===== STUDY MATERIAL =====

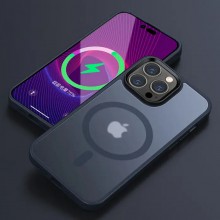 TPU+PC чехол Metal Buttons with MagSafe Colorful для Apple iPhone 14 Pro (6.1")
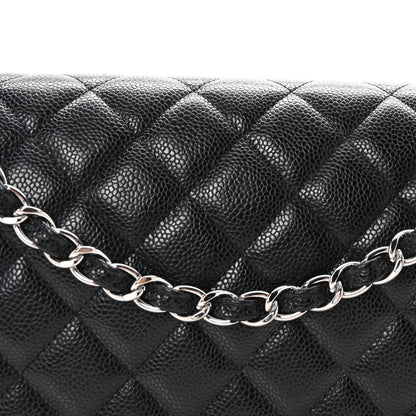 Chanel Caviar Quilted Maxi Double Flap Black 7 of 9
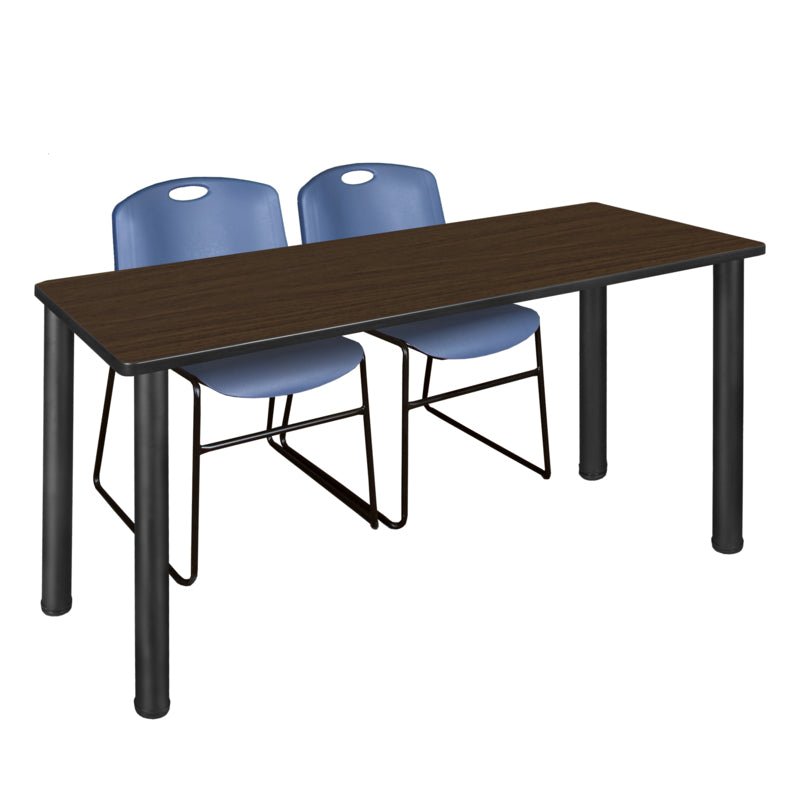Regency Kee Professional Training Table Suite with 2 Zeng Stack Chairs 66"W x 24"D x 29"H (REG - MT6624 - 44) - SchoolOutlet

=====
===== STUDY MATERIAL =====

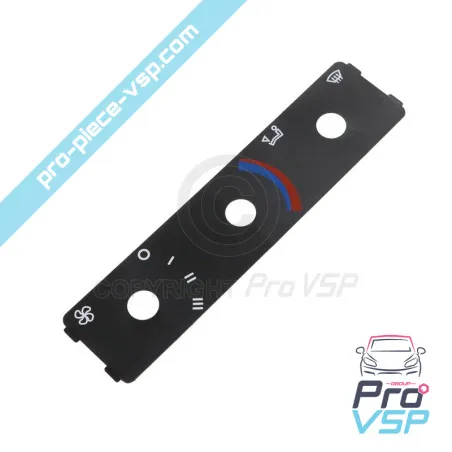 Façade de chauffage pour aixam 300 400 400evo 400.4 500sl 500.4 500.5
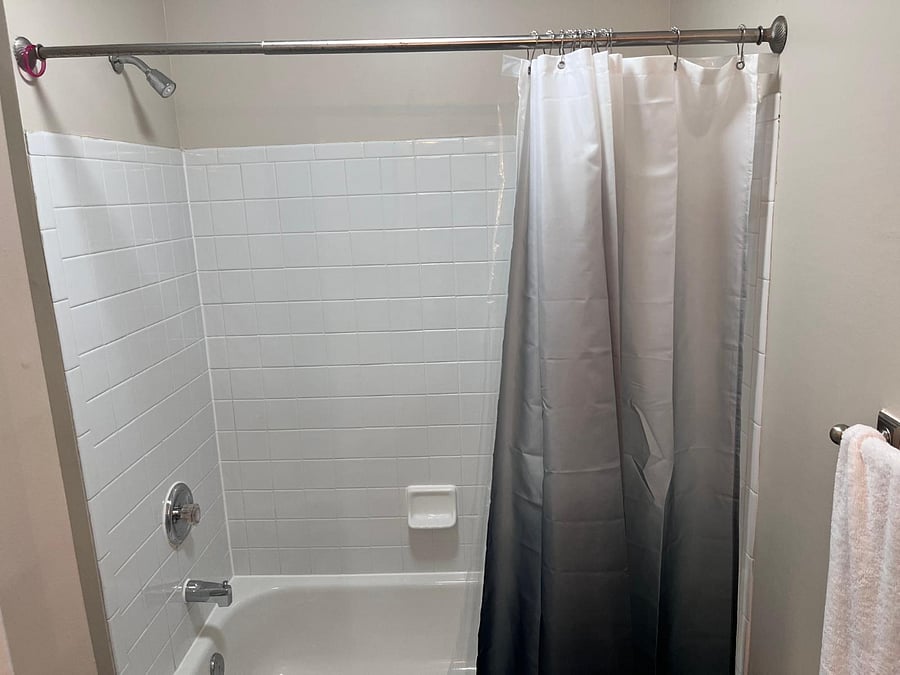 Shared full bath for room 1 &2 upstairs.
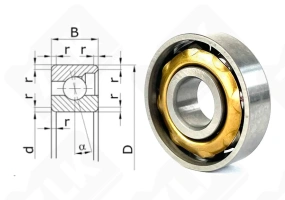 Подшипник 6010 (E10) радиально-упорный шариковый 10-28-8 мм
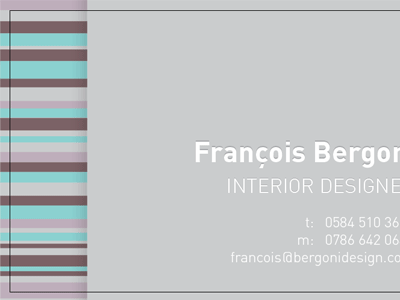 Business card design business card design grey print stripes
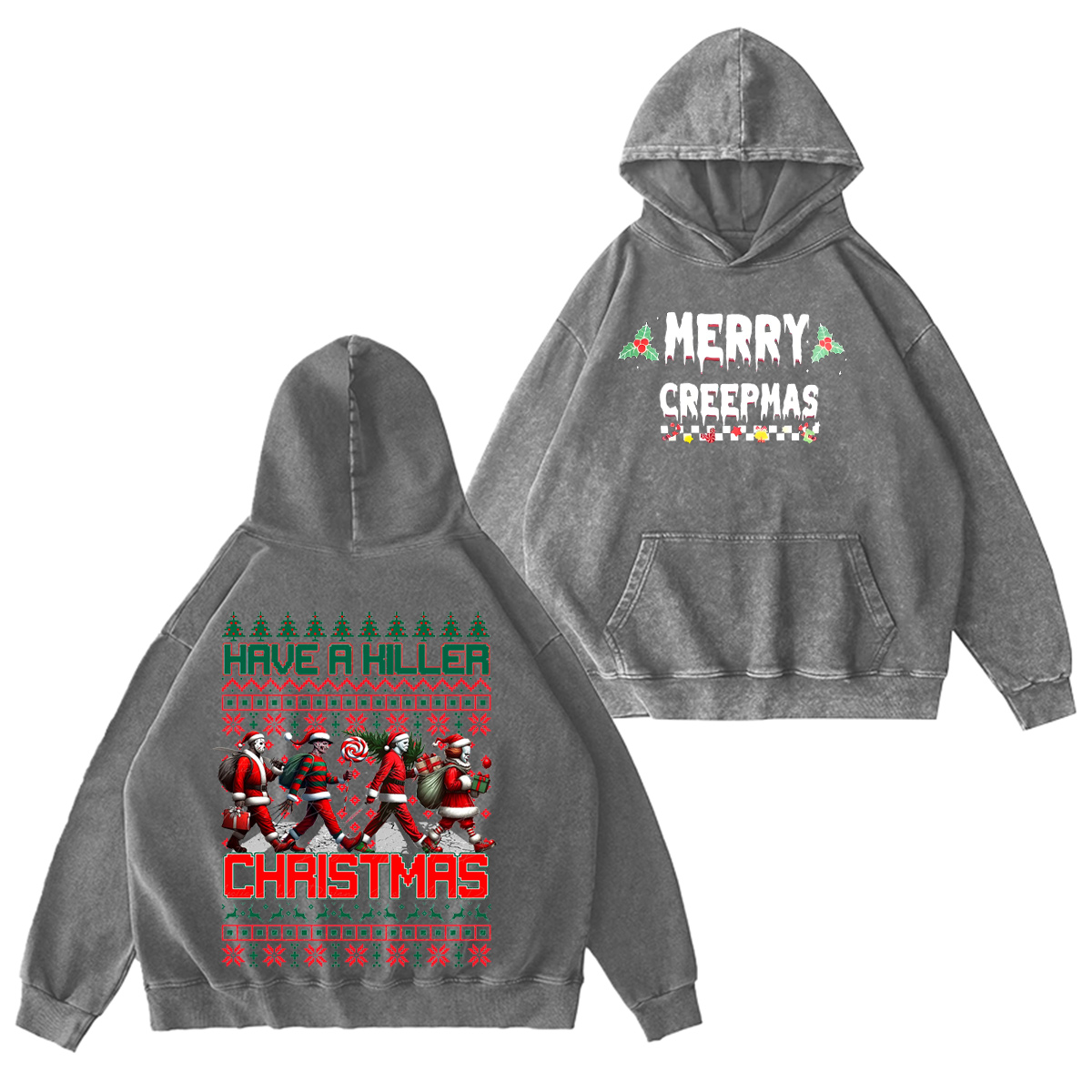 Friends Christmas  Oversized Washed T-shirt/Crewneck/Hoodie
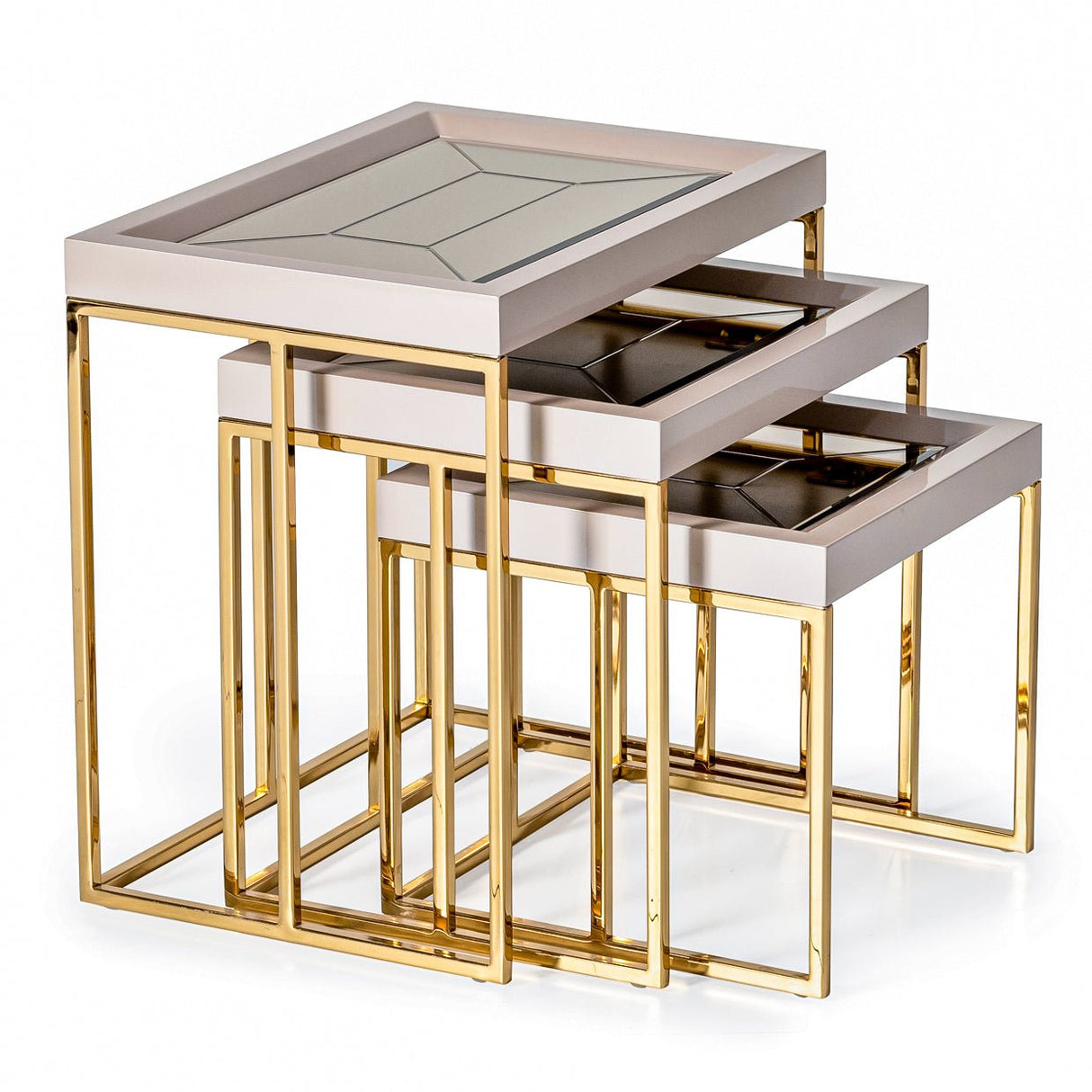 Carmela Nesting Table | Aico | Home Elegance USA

=====
===== STUDY MATERIAL =====

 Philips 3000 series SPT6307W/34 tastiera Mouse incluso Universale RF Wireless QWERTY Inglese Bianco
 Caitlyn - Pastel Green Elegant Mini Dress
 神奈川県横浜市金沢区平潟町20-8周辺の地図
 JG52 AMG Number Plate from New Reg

=====

> _WHAT YOU ARE ASKED TO DO_: The lines to set down run from the line with "Business card design business" up to and including the line with "Carmela Nesting Table" in the entries above. Reproduce them exactly, with no pictures.

> _REPLY TO THE TASK_:
 Business card design business card design grey print stripes
 Friends Christmas  Oversized Washed T-shirt/Crewneck/Hoodie
 Carmela Nesting Table | Aico | Home Elegance USA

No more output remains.